Project

General

Profile

Actions

action #23814

closed

[sle][functional][hard][sle15]remote_ssh_controller fails to connect to the client via ssh

Added by Anonymous over 6 years ago. Updated about 6 years ago.

Status:
Resolved
Priority:
High
Assignee:
Category:
Bugs in existing tests
Start date:
2017-08-31
Due date:
2018-02-13
% Done:

100%

Estimated time:
Difficulty:

Description

Observation

openQA test in scenario sle-15-Leanos-DVD-x86_64-remote_ssh_controller@64bit fails in
boot_to_desktop

Reproducible

Fails every time for sLE15

Expected result

Last good: The corresponding reference jobs from SLE 12 SP3 GM are remote_ssh_controller and remote_ssh_target_ftp

Further details

Always latest result in this scenario: latest

Actions #1

Updated by okurz over 6 years ago

  • Subject changed from test module boots into SLE12 SP1 although it is supposed to be a test for SLE15 to [sle][functional][sle15]remote_ssh_target_ftp fails to wait for remote controller connection (was: test module boots into SLE12 SP1 although it is supposed to be a test for SLE15)

seems like you jumped to the wrong conclusion. I suggest to always compare against the last working, in this case that would be the corresponding SLE 12 SP3 test case. The test boots an existing installation, the installed version does not really matter, then connects to the client over network to conduct a ssh connection. I labeled the client scenario with the same progress issue and updated the subject line.

Actions #2

Updated by okurz over 6 years ago

  • Due date set to 2017-09-27

added to sprint backlog

Actions #3

Updated by Anonymous over 6 years ago

The connection to the client via ssh couldn't be established. I'm investigating the reason for that.

Actions #4

Updated by Anonymous over 6 years ago

  • Subject changed from [sle][functional][sle15]remote_ssh_target_ftp fails to wait for remote controller connection (was: test module boots into SLE12 SP1 although it is supposed to be a test for SLE15) to [sle][functional][sle15]remote_ssh_controller fails to wait for remote controller connection
Actions #5

Updated by Anonymous over 6 years ago

Olli, you mentioned that you labeled the client scenario with the same progress issue and updated the subject line. Which should be the client scenario?

Actions #6

Updated by Anonymous over 6 years ago

  • Subject changed from [sle][functional][sle15]remote_ssh_controller fails to wait for remote controller connection to [sle][functional][sle15]remote_ssh_controller fails to connect to the client via ssh
Actions #7

Updated by Anonymous over 6 years ago

  • Status changed from New to In Progress
Actions #8

Updated by Anonymous over 6 years ago

  • Category deleted (Bugs in existing tests)

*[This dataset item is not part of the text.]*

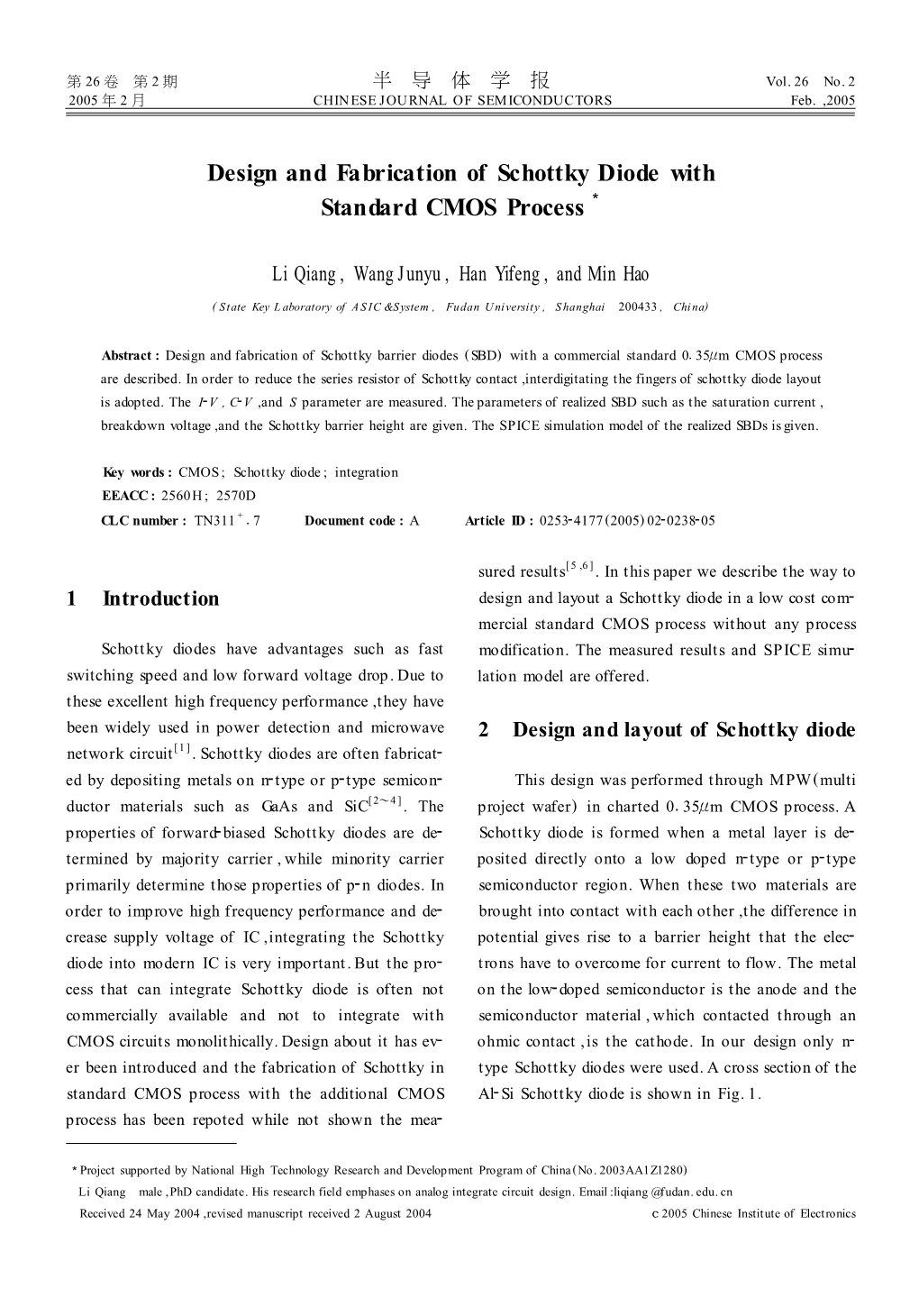 Design and Fabrication of Schottky Diode with Standard CMOS Process3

Scenarios of installation via ssh or vnc: remote_ssh_controller, remote_ssh_target_ftp, remote_vnc_controller, remote_vnc_target_nfs all failed because the client didn't boot properly.

Actions #9

Updated by Anonymous over 6 years ago

  • Status changed from In Progress to Feedback

I'll test it with physical machine next week and update the ticket, if it is bug in our tests or a product bug.

Actions #10

Updated by Anonymous over 6 years ago

  • Assignee set to Anonymous
Actions #11

Updated by okurz over 6 years ago

  • Description updated (diff)
  • Category set to Bugs in existing tests

yi wrote:

Olli, you mentioned that you labeled the client scenario with the same progress issue and updated the subject line. Which should be the client scenario?

Sorry, I meant "child scenario".

The corresponding reference jobs from SLE 12 SP3 GM are remote_ssh_controller and remote_ssh_target_ftp, updated description.

Comparing the evaluated test variables from the corresponding scenarios for the latest failed SLE15 vs. the last good SLE 12 SP3 with diff -Naur <(curl -s https://openqa.suse.de/tests/1171122/file/vars.json) <(curl -s https://openqa.suse.de/tests/1058714/file/vars.json) I found the following important differences:

+   "NETBOOT" : "1",
-   "REMOTE_CONTROLLER" : "vnc",
+   "REMOTE_CONTROLLER" : "ssh",

So the controller job for SLE15 seems to miss the variable NETBOOT which has an impact on the test folow as well as not specifying REMOTE_CONTROLLER=ssh.

Previously the variable "NETBOOT" has been specified for the Server-MINI-ISO which does not apply for SLE15 so it needs to be evaluated if we need this variable on the test suites instead.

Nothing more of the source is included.